Topic:Watching ongoing reactions by single-particle catalysis
Time: 2021.10.25 15:30
Speaker: Günther Rupprechter
Tencent meeting: 792 440 073
Introduction of the speaker:
Günther Rupprechter received his Ph.D. in Physical Chemistry from the University of Innsbruck (Austria). After being a postdoctoral fellow at the University of California at Berkeley and the Lawrence Berkeley National Laboratory (with Gabor A. Somorjai), he became group leader for Laser Spectroscopy and Catalysis at the Fritz Haber Institute of the Max Planck Society in Berlin (Germany) from 1999 to 2005 (with Hajo Freund). In 2005 he accepted a Full Professorship in Surface and Interface Chemistry at Technische Universität Wien (Austria).
His research emphasis is on heterogeneous catalysis, particularly in situ (operando) spectroscopy/microscopy on the model and technological catalysts.

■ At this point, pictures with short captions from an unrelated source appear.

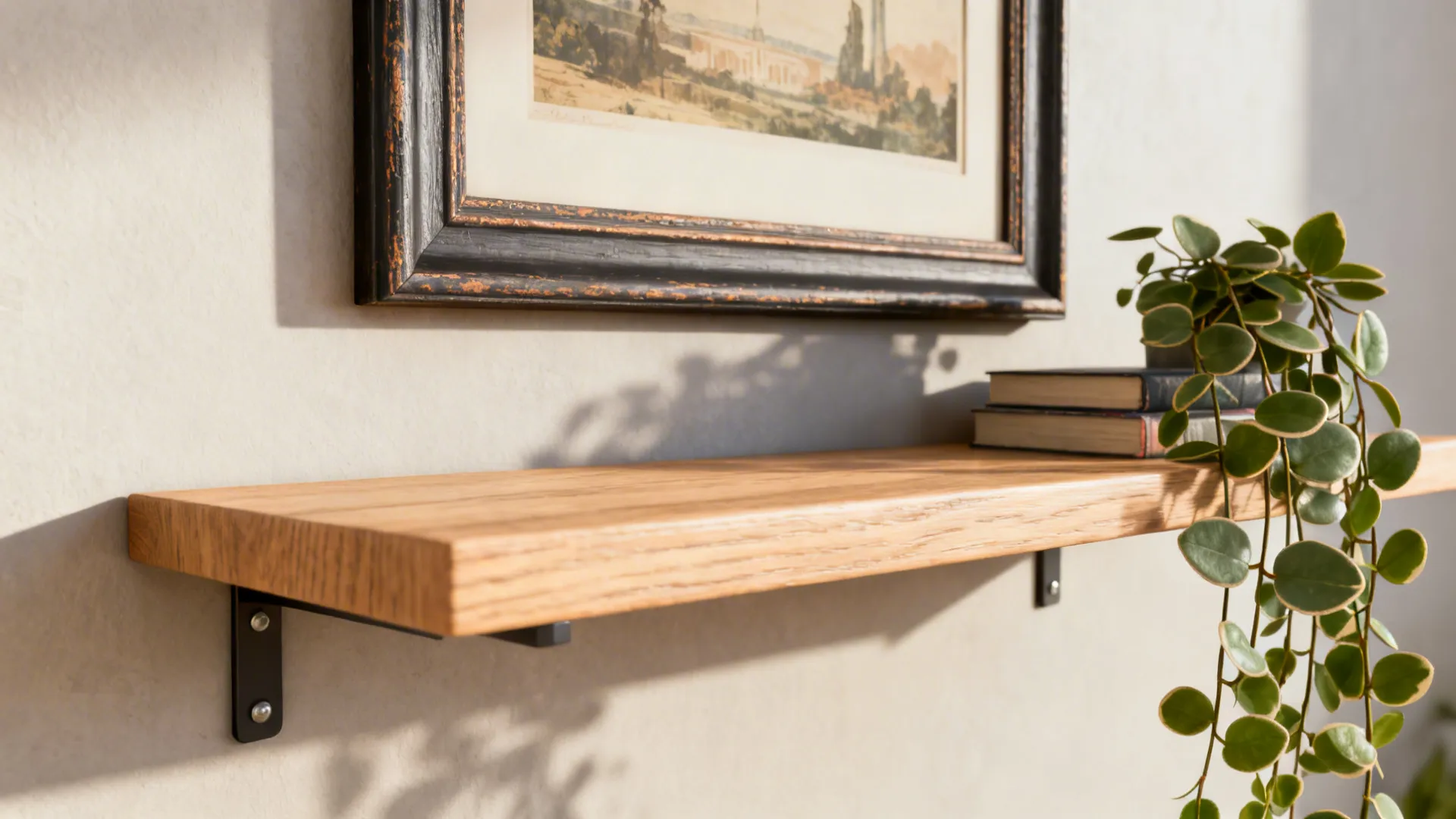 Framed print above a light floating shelf with a trailing plant and books, showing a functional layered vignette.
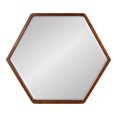 thumbnail image 3 of Kate and Laurel McLean Modern Wood Framed Hexagon Wall Mirror, 26 x 30, Walnut Brown, Decorative Geometric Mirror for Wall, 3 of 8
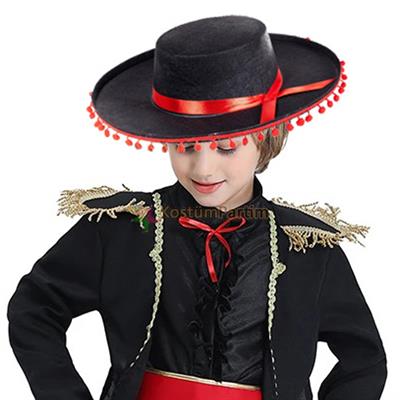 İspanyol Şapkası Çocuk Siyah Flamenko Şapka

In 2005 he received the Jochen Block Award of the German Catalysis Society for “the application of surface science methods to heterogeneous catalysis” and became a corresponding member of the Austrian Academy of Sciences in 2012. Since 2018 he is a “Renowned Overseas Professor” of Shanghai University of Engineering Science.
Abstract:
Operando spectroscopic characterization of working catalysts is a powerful tool to identify the relevant catalyst structure/composition and how molecules interact with interfaces. However, this approach typically averages over trillions of catalyst particles varying in size, exposed facets, composition, and metal/support interface. Accordingly, the local catalytic activity/selectivity may be quite different from the global (averaged) catalytic performance.
In contrast, operando surface microscopy provides direct access to the local catalytic structure and composition. In favorable cases, reactants and/or products can be imaged as well, monitoring processes like catalytic ignition, poisoning, CO tolerance, metal/support interactions, and oscillatory behavior. Such studies finally even identify so-called pacemakers, i.e., specific ensembles on the catalyst surface where catalytic transitions and reaction fronts initiate. Three examples are presented that may stimulate new ways of catalyst design.